Optimizations to Frobenius automorphisms

Optimize the function which maps only non zero elements to 1, and zero elements to 0, by implementing an alternative algorithm which takes O(logd) Frobenius automorphisms rather than O(d). Co-authored-by: Jack Crawford <jack.crawford@sky.com>
homenc · Oct 4, 2022 · 3b0b9e5 · 3b0b9e5
1 parent 3e3b910
commit 3b0b9e5
Show file tree

Hide file tree

Showing 2 changed files with 50 additions and 11 deletions.
diff --git a/include/helib/EncryptedArray.h b/include/helib/EncryptedArray.h
@@ -2651,7 +2651,7 @@ inline void totalSums(Ctxt& ctxt)
 
 //! @brief Map all non-zero slots to 1, leaving zero slots as zero.
 //! Assumes that r=1, and that all the slots contain elements from GF(p^d).
-void mapTo01(const EncryptedArray& ea, Ctxt& ctxt);
+void mapTo01(const EncryptedArray& ea, Ctxt& ctxt, bool multithread = true);
 // Implemented in eqtesting.cpp.
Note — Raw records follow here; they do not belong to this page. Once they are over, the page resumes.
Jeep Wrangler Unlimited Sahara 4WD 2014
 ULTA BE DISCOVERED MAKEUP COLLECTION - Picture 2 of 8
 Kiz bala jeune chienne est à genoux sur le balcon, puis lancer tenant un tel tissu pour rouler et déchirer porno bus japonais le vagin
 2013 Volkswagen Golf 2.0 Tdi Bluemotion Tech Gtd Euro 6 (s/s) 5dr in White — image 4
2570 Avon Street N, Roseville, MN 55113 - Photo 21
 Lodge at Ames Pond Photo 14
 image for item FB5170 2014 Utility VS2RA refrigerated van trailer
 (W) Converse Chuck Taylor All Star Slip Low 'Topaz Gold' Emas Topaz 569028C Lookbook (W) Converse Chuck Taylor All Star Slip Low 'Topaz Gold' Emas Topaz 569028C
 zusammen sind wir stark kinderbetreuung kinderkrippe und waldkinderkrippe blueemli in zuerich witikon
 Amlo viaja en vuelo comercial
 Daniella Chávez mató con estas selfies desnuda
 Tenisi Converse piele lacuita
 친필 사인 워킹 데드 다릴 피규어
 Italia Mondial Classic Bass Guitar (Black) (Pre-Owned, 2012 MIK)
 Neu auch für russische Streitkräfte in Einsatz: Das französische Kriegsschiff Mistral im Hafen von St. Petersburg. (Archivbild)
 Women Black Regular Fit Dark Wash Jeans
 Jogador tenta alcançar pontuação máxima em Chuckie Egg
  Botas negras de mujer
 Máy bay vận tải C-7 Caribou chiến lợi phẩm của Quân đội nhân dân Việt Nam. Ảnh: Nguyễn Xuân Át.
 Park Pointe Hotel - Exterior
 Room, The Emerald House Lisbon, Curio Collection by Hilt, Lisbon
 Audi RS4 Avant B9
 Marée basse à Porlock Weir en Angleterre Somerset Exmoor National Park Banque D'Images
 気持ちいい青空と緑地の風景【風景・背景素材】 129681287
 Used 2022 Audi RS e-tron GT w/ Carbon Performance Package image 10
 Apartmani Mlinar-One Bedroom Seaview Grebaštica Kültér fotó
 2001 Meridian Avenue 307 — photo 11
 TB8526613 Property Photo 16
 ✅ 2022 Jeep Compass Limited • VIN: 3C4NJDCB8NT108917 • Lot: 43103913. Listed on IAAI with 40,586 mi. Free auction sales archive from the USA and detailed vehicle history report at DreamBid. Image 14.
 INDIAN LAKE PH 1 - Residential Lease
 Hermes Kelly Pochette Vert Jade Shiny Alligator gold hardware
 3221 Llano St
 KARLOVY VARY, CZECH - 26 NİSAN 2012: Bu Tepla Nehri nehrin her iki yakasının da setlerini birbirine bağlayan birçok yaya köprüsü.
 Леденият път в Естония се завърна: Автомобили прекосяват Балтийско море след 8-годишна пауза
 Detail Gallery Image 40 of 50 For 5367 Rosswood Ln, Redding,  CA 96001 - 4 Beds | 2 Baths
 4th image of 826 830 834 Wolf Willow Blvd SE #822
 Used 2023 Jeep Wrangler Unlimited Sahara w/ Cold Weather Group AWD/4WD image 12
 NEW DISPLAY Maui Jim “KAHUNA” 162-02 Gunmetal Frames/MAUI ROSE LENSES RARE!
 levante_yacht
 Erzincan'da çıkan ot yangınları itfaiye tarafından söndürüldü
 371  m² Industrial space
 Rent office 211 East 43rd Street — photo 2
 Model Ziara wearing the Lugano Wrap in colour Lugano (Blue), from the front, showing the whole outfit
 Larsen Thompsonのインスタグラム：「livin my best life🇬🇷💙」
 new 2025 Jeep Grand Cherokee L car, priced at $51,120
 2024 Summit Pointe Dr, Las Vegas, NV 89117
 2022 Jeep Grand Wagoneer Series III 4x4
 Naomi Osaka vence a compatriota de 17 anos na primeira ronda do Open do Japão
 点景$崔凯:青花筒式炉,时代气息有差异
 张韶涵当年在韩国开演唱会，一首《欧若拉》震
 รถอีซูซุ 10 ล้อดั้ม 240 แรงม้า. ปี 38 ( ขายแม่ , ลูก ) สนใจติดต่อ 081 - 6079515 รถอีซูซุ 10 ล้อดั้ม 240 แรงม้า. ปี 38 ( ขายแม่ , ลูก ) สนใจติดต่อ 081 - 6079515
We compute
 //             x^{p^d-1} = x^{(1+p+...+p^{d-1})*(p-1)}
 // by setting y=x^{p-1} and then outputting y * y^p * ... * y^{p^{d-1}},

diff --git a/src/eqtesting.cpp b/src/eqtesting.cpp
@@ -9,6 +9,21 @@
  * See the License for the specific language governing permissions and
  * limitations under the License. See accompanying LICENSE file.
  */
+
+/* Copyright (C) 2022 Intel Corporation
+ * SPDX-License-Identifier: Apache-2.0
+ *
+ * Modifying HElib to optimize the 01 map.
+ * Contributions include
+ * Modified:
+ *   mapTo01
+ *     added parallelism to existing logic for norm calculation
+ *     added alternative logic for norm calculation which uses log(d) 
+ *     automorphisms on a single core
+ *     added an additional optional argument `multithread` which determines 
+ *     which version to run
+ *      
+ */
 /**
  * @file eqtesting.cpp
  * @brief Useful functions for equality testing...
@@ -17,6 +32,7 @@
 #include <helib/timing.h>
 #include <helib/EncryptedArray.h>
 #include <helib/Ptxt.h>
+#include <NTL/BasicThreadPool.h>
 
 #include <cstdio>
 
@@ -29,24 +45,47 @@ namespace helib {
 // and then outputting y * y^p * ... * y^{p^{d-1}}, with exponentiation to
 // powers of p done via Frobenius.
 
-// FIXME: the computation of the "norm" y * y^p * ... * y^{p^{d-1}}
-// can be done using O(log d) automorphisms, rather than O(d).
-
-void mapTo01(const EncryptedArray& ea, Ctxt& ctxt)
+void mapTo01(const EncryptedArray& ea, Ctxt& ctxt, bool multithread)
 {
   long p = ctxt.getPtxtSpace();
   if (p != ea.getPAlgebra().getP()) // ptxt space is p^r for r>1
     throw LogicError("mapTo01 not implemented for r>1");
 
   if (p > 2)
     ctxt.power(p - 1); // set y = x^{p-1}
-
   long d = ea.getDegree();
-  if (d > 1) { // compute the product of the d automorphisms
-    std::vector<Ctxt> v(d, ctxt);
-    for (long i = 1; i < d; i++)
-      v[i].frobeniusAutomorph(i);
-    totalProduct(ctxt, v);
+  // TODO: investigate this trade off more thoroughly
+  // Computing in parallel over t threads has runtime approximately
+  // (d - 1)/t, whereas single thread has runtime approx log(d)
+  if ((NTL::AvailableThreads() > 1) && multithread) {
+    // Compute O(d) Frobenius automorphisms in parallel    
+    if (d > 1) {
+      // compute the d - 1 automorphisms in parallel
+      std::vector<Ctxt> v(d, ctxt);
+      NTL_EXEC_RANGE(d - 1, first, last)
+      for (long i = first; i < last; i++)
+        v[i + 1].frobeniusAutomorph(i + 1);
+      NTL_EXEC_RANGE_END
+      // and compute the product of the d automorphisms
+      totalProduct(ctxt, v);
+    }
+  } else {
+    // Compute of the "norm" y * y^p * ... * y^{p^{d-1}}
+    //  using O(log d) automorphisms, rather than O(d).
+    long e = 1;
+    long b = NTL::NumBits(d);
+    Ctxt orig = ctxt;
+    for (long i = b - 2; i >= 0; i--) {
+      Ctxt tmp = ctxt;
+      tmp.frobeniusAutomorph(e);
+      ctxt *= tmp;
+      e *= 2;
+      if (NTL::bit(d, i)) {
+        ctxt.frobeniusAutomorph(1);
+        ctxt *= orig;
+        e++;
+      }
+    }
   }
 }